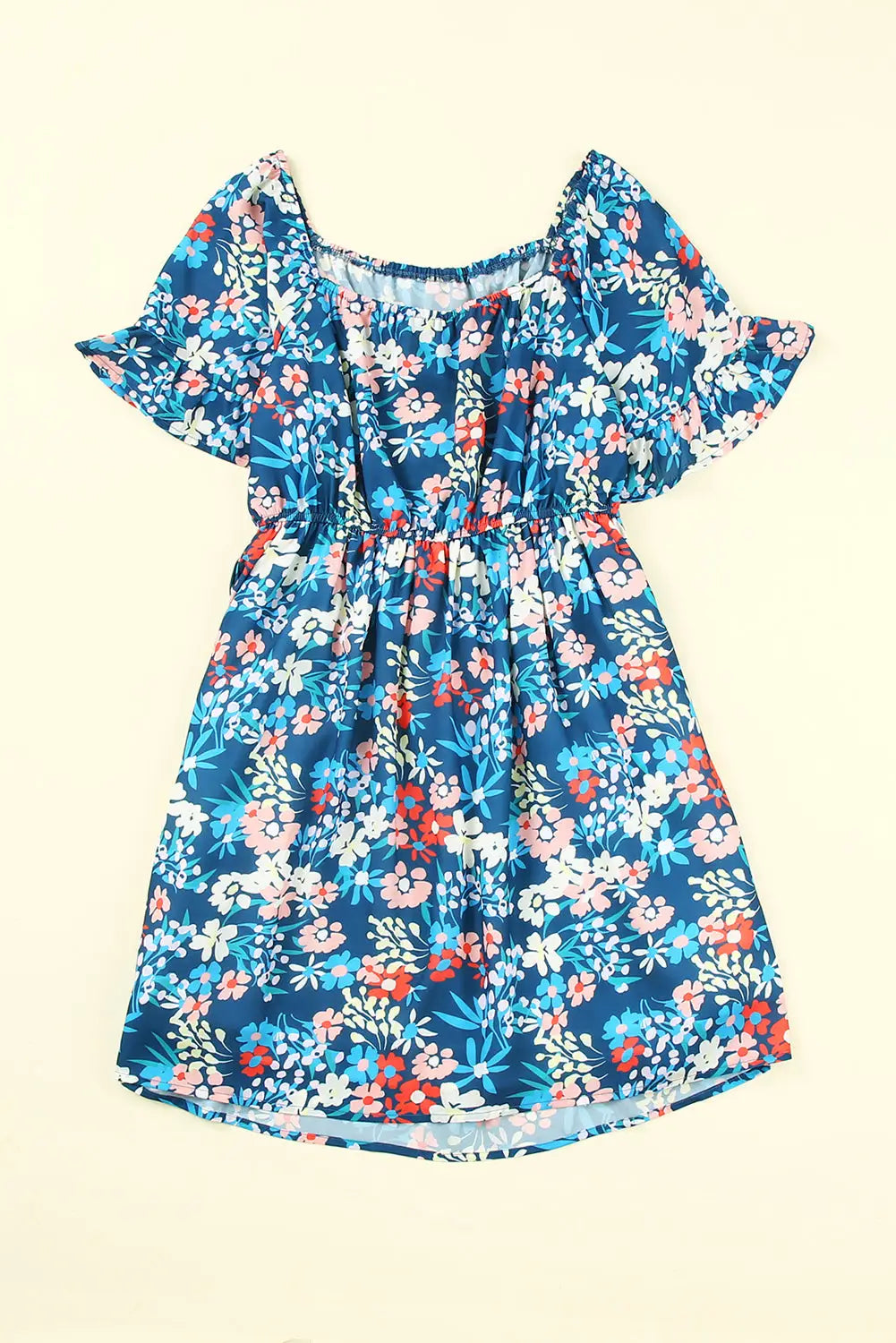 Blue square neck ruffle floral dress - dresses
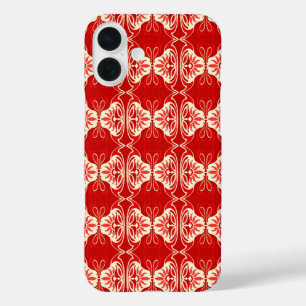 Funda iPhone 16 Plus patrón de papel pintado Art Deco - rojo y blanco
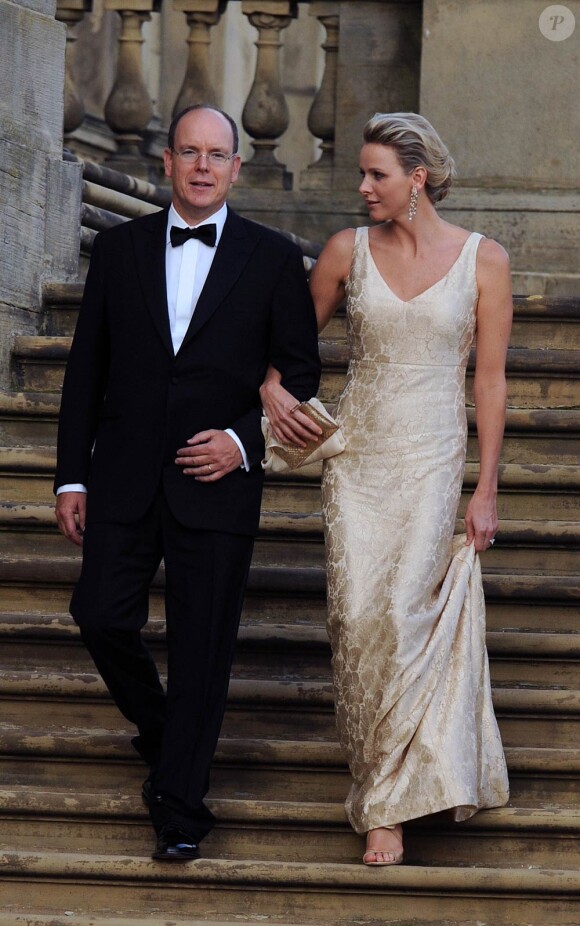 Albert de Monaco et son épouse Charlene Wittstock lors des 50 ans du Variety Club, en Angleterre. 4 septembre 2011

* _Exercise instructions_
Pictures aside, reproduce all of the material above without alteration.

* _Solution to this problem_
 Blue square neck ruffle floral dress - dresses
 Funda iPhone 16 Plus patrón de papel pintado Art Deco - rojo y blanco
 Albert de Monaco et son épouse Charlene Wittstock lors des 50 ans du Variety Club, en Angleterre. 4 septembre 2011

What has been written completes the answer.